In this paper we consider a generalization of some of these architectures to a continuous setting, where the samples to be generated belong to an infinite-dimensional function space. One reason is that many physical quantities of interest are better modeled as functions than vectors, e.g. solutions of partial differential equations (PDEs). In this respect, this work fits in the growing research area of neural networks in infinite-dimensional spaces, often motivated by the study of PDEs, which includes Neural Operators

[38], Deep-O-Nets [42], PINNS [52] and many others.

A second reason concerns the promising applications of generative models in solving inverse problems. A typical inverse problem consists in the recovery of a quantity from noisy observations that are described by a ill-posed operator between function spaces [23]

. Virtually, every imaging modality can be modeled in such a way, including computed tomography (CT), magnetic resonance imaging (MRI) and ultrasonography. In recent years, machine learning based reconstruction algorithms have become the state of the art in most imaging applications

[10, 46]. Among these algorithms, the ones combining generative models with classical iterative methods – such as the Landweber scheme – are very promising since they retain most of the explanaibility provided by inverse problems theory. However, despite the impressive numerical results [16, 57, 9, 34, 55, 11, 33], many theoretical questions have not been studied yet, for instance concerning stability properties of the reconstruction.

In this work (Section 2), we introduce a family of continuous generative neural networks (CGNNs), mapping a finite-dimensional space into an infinite-dimensional function space. Inspired by the architecture of deep convolutional GANs (DCGANs) [51], CGNNs are obtained by composing an affine map with several (continuous) convolutional layers with nonlinear activation functions. The convolutional layers are constructed as maps between the subspaces of a multi-resolution analysis (MRA) at different scales, and naturally generalize discrete convolutions. In our continuous setting, the scale parameter plays the role of the resolution of the signal/image. We note that wavelet analysis has played a major role in the design of deep learning architectures in the last decade [44, 17, 7, 19, 8].

The main result of this paper (Section 3) is a set of sufficient conditions that the parameters of a CGNN must satisfy in order to guarantee global injectivity of the network. This result is far from trivial because in each convolutional layer the number of channels is reduced, and this has to be compensated by the higher scale in the MRA. Generative models that are not injective are of no use in solving inverse problems or inference problems, or at least it is difficult to study their performance from the theoretical point of view. Furthermore, injective generators are needed whenever they are used as decoders in an autoencoder. In the discrete settings, some families of injective networks have been already thoroughly characterized [12, 41, 49, 24, 37, 50, 29, 28]. Note that normalizing flows are injective by construction, yet they are maps between spaces of the same (generally large) dimension, a feature that does not necessarily help with our desired applications.

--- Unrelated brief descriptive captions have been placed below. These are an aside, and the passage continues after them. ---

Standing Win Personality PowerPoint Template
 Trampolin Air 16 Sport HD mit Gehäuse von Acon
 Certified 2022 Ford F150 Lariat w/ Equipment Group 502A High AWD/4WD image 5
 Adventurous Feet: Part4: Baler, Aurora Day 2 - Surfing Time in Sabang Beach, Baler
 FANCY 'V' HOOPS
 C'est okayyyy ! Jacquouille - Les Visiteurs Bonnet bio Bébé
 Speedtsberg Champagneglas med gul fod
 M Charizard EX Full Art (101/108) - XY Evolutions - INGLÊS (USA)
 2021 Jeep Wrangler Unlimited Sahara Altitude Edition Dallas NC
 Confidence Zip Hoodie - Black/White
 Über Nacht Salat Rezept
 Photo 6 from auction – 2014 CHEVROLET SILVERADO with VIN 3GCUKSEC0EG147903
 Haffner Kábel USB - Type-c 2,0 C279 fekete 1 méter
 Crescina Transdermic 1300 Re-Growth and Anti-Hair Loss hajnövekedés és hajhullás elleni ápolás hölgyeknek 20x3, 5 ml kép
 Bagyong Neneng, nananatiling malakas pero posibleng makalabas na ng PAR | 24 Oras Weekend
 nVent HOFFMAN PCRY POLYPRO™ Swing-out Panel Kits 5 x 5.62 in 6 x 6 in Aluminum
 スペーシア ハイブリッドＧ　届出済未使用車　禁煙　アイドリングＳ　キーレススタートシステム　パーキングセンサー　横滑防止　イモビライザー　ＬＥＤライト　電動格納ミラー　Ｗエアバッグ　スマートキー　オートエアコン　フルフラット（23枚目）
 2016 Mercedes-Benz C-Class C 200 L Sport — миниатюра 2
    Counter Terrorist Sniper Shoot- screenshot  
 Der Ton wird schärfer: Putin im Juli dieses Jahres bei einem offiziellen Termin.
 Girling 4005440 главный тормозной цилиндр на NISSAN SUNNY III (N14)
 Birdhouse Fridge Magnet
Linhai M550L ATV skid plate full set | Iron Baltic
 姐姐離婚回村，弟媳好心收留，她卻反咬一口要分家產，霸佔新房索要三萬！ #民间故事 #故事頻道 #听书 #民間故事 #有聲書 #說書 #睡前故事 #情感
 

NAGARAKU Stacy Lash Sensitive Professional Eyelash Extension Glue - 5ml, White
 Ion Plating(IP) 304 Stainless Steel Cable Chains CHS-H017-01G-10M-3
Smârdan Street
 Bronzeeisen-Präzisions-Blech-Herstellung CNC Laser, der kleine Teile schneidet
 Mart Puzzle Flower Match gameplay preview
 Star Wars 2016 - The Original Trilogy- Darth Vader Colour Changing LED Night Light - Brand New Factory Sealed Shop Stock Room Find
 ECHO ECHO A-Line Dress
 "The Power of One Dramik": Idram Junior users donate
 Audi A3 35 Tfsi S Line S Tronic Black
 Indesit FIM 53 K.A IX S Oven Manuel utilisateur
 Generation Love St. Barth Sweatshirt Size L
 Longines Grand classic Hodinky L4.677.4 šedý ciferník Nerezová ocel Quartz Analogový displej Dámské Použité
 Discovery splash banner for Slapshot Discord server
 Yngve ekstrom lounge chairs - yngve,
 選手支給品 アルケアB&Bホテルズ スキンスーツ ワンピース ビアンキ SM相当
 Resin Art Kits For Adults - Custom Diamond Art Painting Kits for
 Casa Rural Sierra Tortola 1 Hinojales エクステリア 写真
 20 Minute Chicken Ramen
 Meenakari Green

Indeed, another useful property of CGNNs is dimensionality reduction. For ill-posed inverse problems, it is well known that imposing finite-dimensional priors improves the stability and the quality of the reconstruction [6, 14, 13, 5, 15], also working with finitely-many measurements [3, 31, 2, 4, 1]. In practice, these priors are unknown or cannot be analytically described: yet, they can be approximated by a (trained) CGNN. The second main result of this work (Section 4) is that an injective CGNN allows us to transform a possibly nonlinear ill-posed inverse problem into a Lipschitz stable one.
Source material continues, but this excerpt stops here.